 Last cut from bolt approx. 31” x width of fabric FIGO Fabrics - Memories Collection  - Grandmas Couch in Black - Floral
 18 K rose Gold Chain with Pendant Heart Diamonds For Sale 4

---

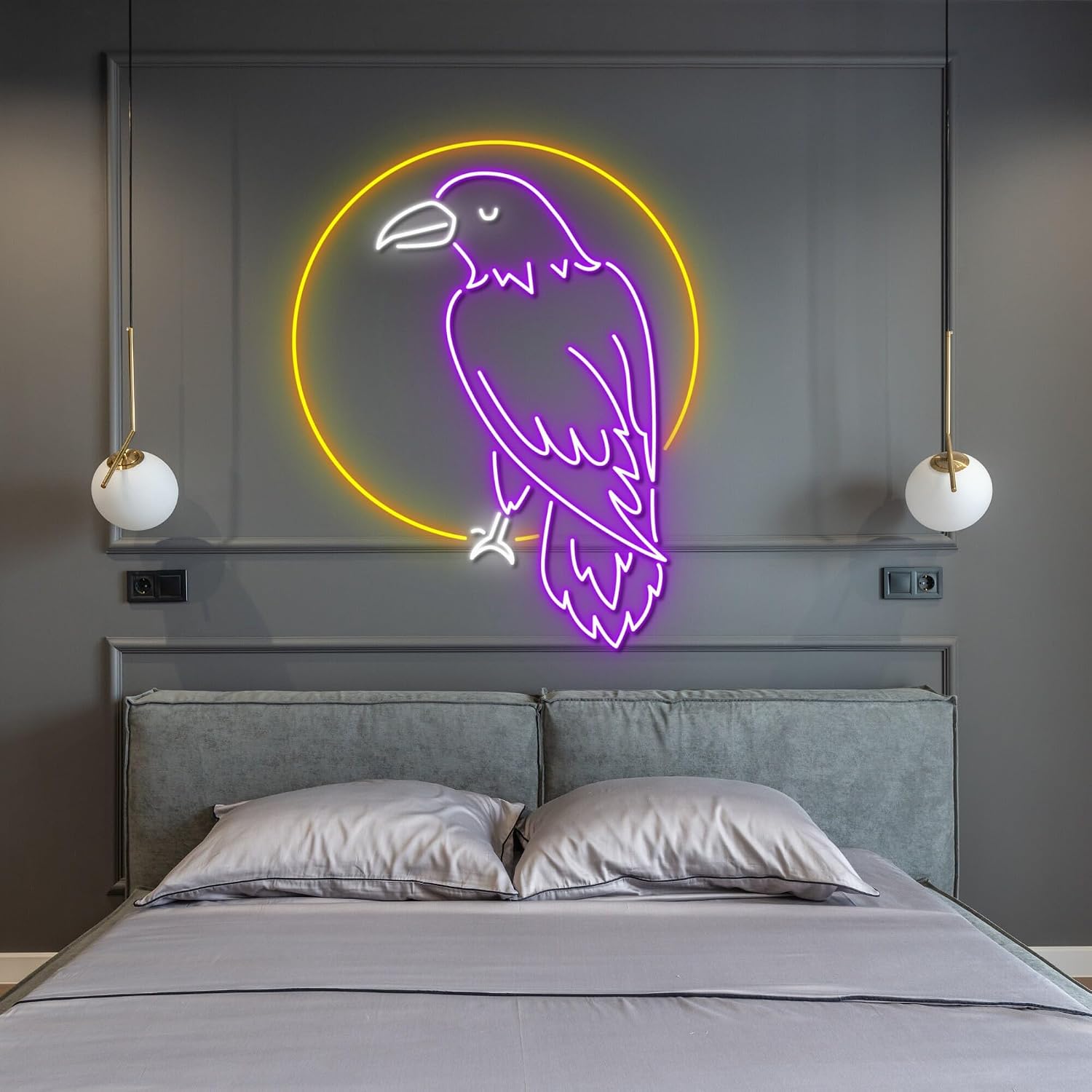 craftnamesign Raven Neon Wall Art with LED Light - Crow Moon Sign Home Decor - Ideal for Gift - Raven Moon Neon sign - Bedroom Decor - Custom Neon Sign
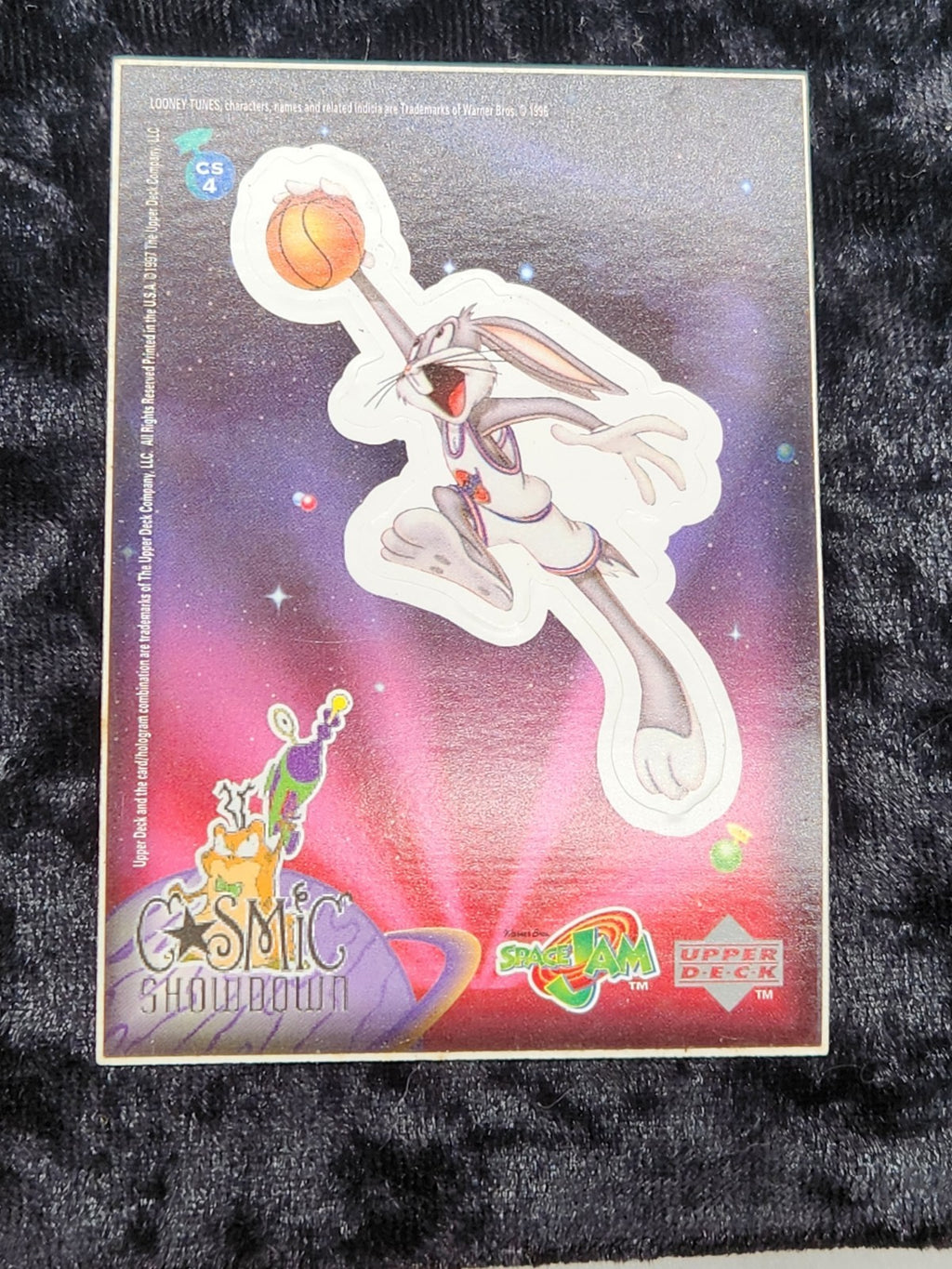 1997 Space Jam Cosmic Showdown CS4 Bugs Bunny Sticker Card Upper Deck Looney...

--

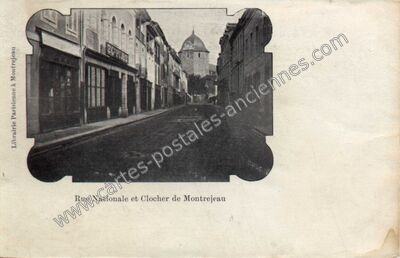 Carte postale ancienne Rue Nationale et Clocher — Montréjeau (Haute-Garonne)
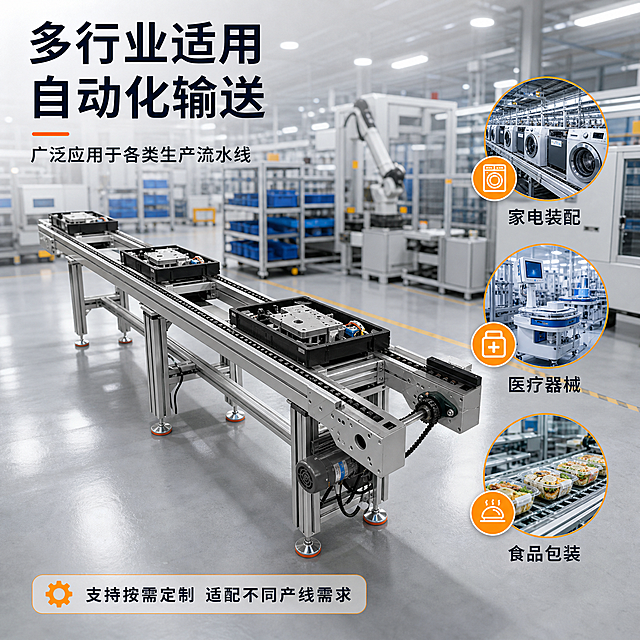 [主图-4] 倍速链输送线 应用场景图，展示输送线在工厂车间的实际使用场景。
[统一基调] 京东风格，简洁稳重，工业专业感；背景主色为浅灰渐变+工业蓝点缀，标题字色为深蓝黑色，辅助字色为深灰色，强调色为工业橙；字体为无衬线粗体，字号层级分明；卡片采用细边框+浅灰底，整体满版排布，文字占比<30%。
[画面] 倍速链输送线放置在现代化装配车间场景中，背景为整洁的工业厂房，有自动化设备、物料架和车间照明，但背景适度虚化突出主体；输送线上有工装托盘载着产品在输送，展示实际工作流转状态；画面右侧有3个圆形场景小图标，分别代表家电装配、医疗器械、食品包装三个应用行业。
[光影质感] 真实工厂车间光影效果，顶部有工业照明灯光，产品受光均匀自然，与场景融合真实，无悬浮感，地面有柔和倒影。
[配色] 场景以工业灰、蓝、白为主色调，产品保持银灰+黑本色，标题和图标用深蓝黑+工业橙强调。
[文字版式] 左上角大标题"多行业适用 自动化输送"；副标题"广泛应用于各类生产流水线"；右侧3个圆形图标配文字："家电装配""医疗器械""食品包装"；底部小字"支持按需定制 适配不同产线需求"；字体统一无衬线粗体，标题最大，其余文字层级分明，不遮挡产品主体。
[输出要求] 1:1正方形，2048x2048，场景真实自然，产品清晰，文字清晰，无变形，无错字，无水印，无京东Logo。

▶ **Work item**
Nothing but the lines holding the word "医疗器械" should be returned from the listing above.

▶ **Finished exercise**
[画面] 倍速链输送线放置在现代化装配车间场景中，背景为整洁的工业厂房，有自动化设备、物料架和车间照明，但背景适度虚化突出主体；输送线上有工装托盘载着产品在输送，展示实际工作流转状态；画面右侧有3个圆形场景小图标，分别代表家电装配、医疗器械、食品包装三个应用行业。
[文字版式] 左上角大标题"多行业适用 自动化输送"；副标题"广泛应用于各类生产流水线"；右侧3个圆形图标配文字："家电装配""医疗器械""食品包装"；底部小字"支持按需定制 适配不同产线需求"；字体统一无衬线粗体，标题最大，其余文字层级分明，不遮挡产品主体。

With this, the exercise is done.